§ Exercise
This exercise asks for the entries to be repeated exactly, without their images.

------ Data section ------

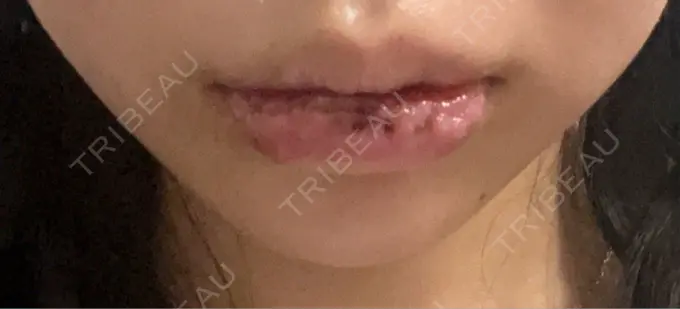 口唇縮小術 B-LINE CLINIC 池袋院 DAY 11 メイン用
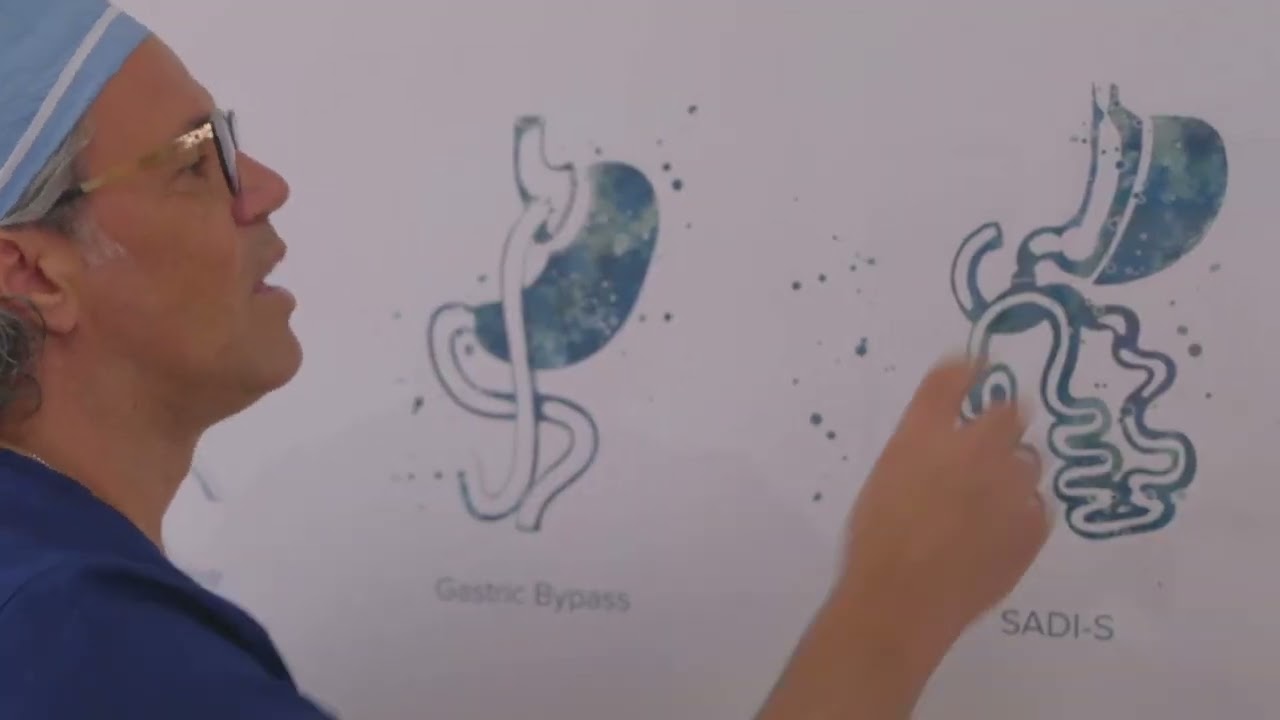 A Look at Our Popular Bariatric Surgeries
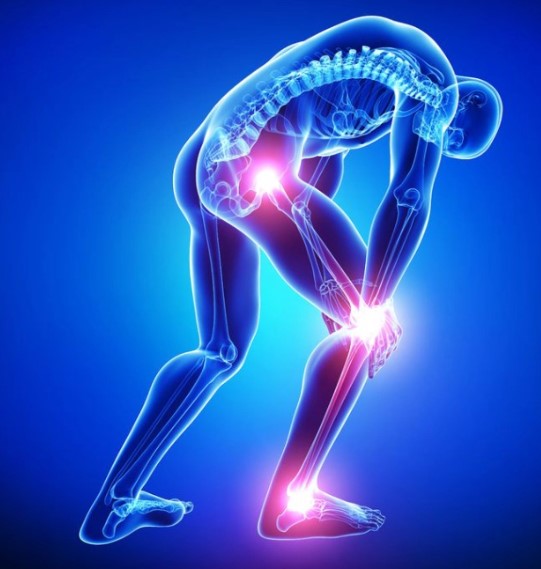 Cupping For Sciatica Rose Cupping Therapy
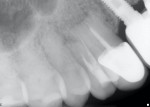 Fig. 2. Preoperative radiographs depicting failing natural teeth Nos. 5 and 6 due to apical root resorption and hypermobility.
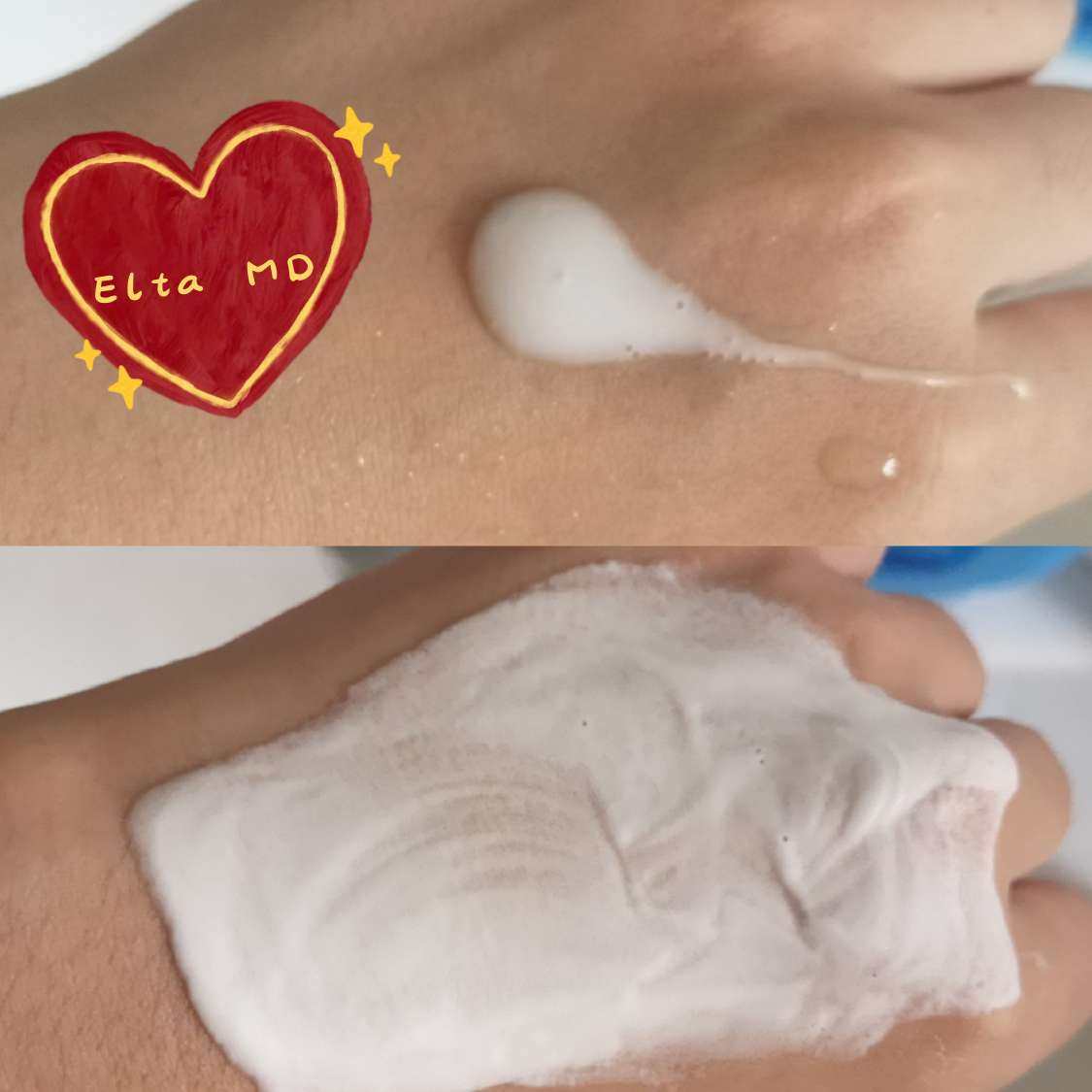 洗面奶红黑榜分享🌸 红榜——Elta MD家的洗面奶 一年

------

§ Answer to this exercise
 口唇縮小術 B-LINE CLINIC 池袋院 DAY 11 メイン用
 A Look at Our Popular Bariatric Surgeries
 Cupping For Sciatica Rose Cupping Therapy
 Fig. 2. Preoperative radiographs depicting failing natural teeth Nos. 5 and 6 due to apical root resorption and hypermobility.
 洗面奶红黑榜分享🌸 红榜——Elta MD家的洗面奶 一年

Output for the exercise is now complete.